I did get a copy of Gide's Les Faux Monnayeurs with the intention of comparing  the translation with the original. The time has long passed for that esoteric exercise and so I won't add La Peau de Chagrin en Francais to my shopping list but while the reading of literature from other languages is essential we remain hostages of the translator, brilliant though I'm sure they are.
I'll save the next two Balzacs for later and thrive on variety. I wasn't surprised the postman couldn't get Anna Karenina through the postbox. For some reason, I had thought it was about 450-500 pages. It's not, it's 849. That will be something to look forward to but I was keen to read Laura Cumming's The Vanishing Man: In Pursuit of Velázquez. She is a brilliant writer and I like being shown round paintings by someone who knows what they're talking about. Reading about poetry, I bring my own prejudices and long-nurtured grievances to hold against anything I don't imagine myself to agree with and uncritically nod with enthusiasm at everything I do. With painting, I'm grateful to have it explained to me. I know so little that, I now realize, I have been calling him Velasquez and I didn't even check. I must write out Velázquez 100 times so that I remember in future.
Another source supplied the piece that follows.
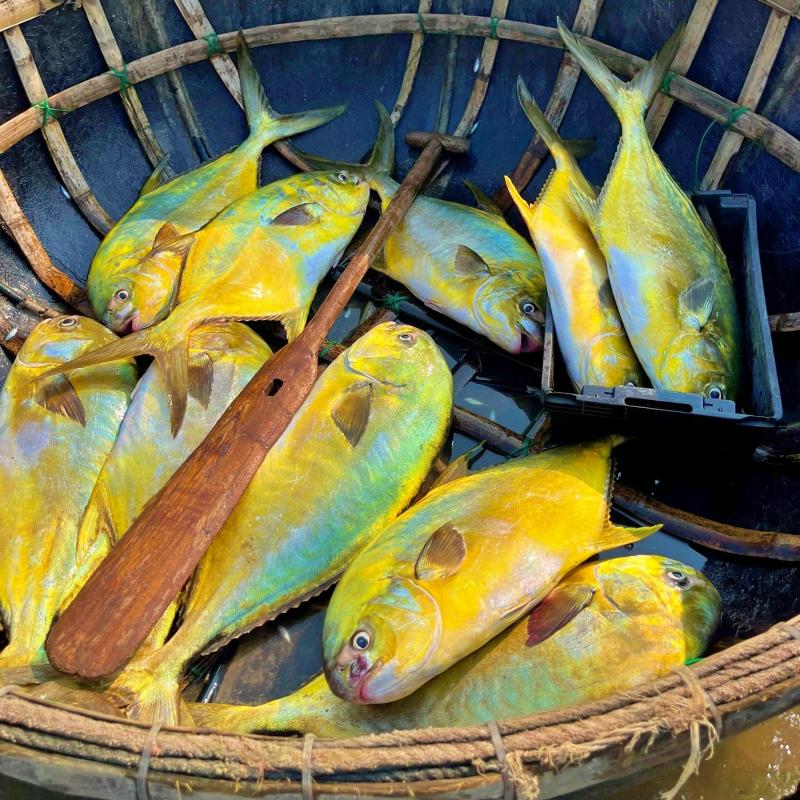 Loại cá "quý tộc” ngon nhất biển cả, giàu đạm gấp đôi trứng gà, ít chất béo xấu: Nấu cực đơn giản vẫn ngon tròn vị- Ảnh 1.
I began Laura's book outside in the early afternoon. The cloud cleared and the Sun came through, two or three hours too late. Wouldn't you just know it.
--
But Anna Karenina is said to be The Greatest Novel in places on the internet and, no doubt, in editions of itself. As was Middlemarch in the repeat of the life of George Eliot repeated on telly last night. Last year I thought it must be Proust. I'm sure some say it's Ulysses. There will be War and Peace to add to the long list, Don Quixote, Jane Austen fans will be outraged if she's not listed and so it goes on. But it seems as if being enormous adds weight to one's case in the same way as, somehow, louder meant better in heavy metal music. That surely shouldn't be one of the criteria. If The Dead qualified as a novel it could easily be that. We will see but there's no need to come back here for a decision any time soon. The older one gets the less easy it is to be definitive about such diaphonous decisions. 
I've seen the word diaphonous more than once today, in Balzac or Laura if not both. If it's good enough for them, it's good enough for me.